The studio was commissioned by WWF to design and create the WWF Experience, which consists of four immersive zones, each reflecting a different environmental theme and key area of the organisation’s important work – forests, rivers, oceans and wildlife. Guests are invited to explore each environment and are taken on a journey to discover, learn, connect and interact with these unique habitats in a variety of different ways.

Each zone is designed to reflect the sights, sounds, scents and ambiance of their different environments. Large-scale display screens play footage that has been exclusively commissioned in partnership with the BBC and each zone has its own distinctive soundtrack, created by the acclaimed composer William Goodchild. Visitors to the Living Planet Centre, both adults and children, are also encouraged to take part in a range of exciting challenges, quizzes and other interactive games designed to educate and inspire.

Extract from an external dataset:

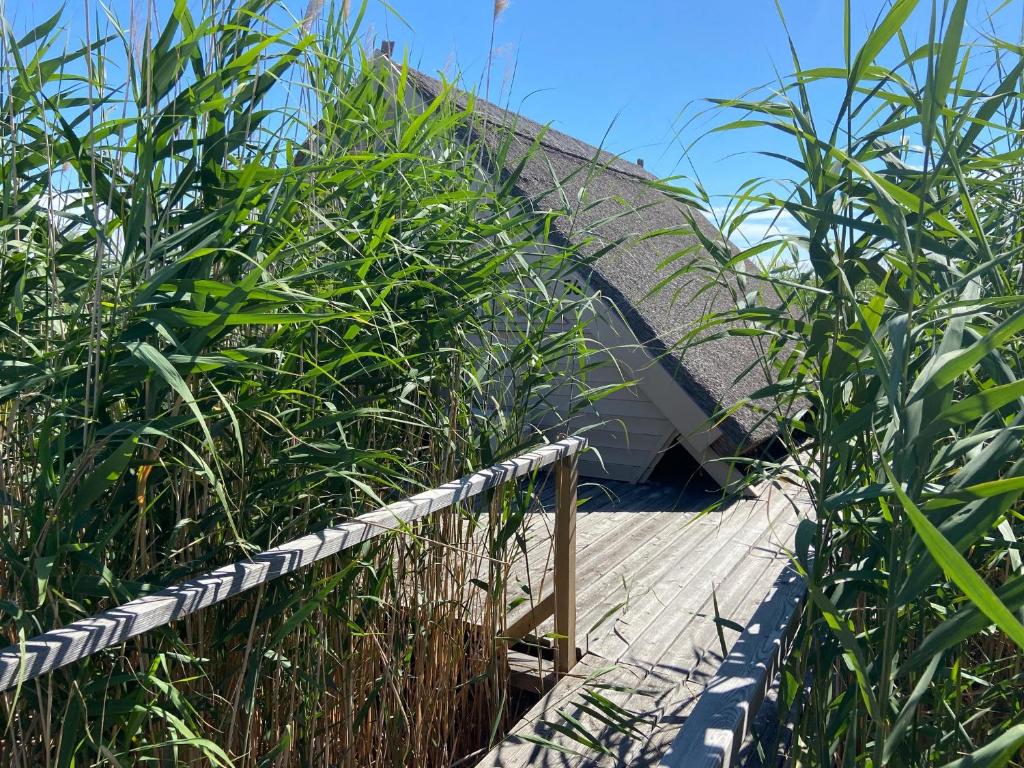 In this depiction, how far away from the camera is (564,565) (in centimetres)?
239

Sam Hoey, Head of Studio at Jason Bruges Studio, stated: “From the initial meetings right through to the final touches on site, the experience has been conceived to feel part of the building and complement the beautiful and highly sustainable nature of the Living Planet Centre by Hopkins Architects. Our team have worked with WWF and alongside the project team over the last few years developing and detailing these amazing structures and the immersive experience that will happen as the zones are explored by visitors young and old. The materials we used have been chosen to meet FSC certification, and the combination of form, texture, lighting, screen arrangements, content and interaction triggers create a rich layering of information.

While the four zones can be seen as ‘family’ externally with their conical shapes, they all have internal detailing and textures to represent the key aspects of WWF’s work. Visitors can walk or crawl into the zones, smell specially developed scents and explore by peeping into small screen enclosures. They can touch specially cast triggers, and watch films arrayed across screens as well as learning more via touch screens and e-ink displays of text and data feeds.”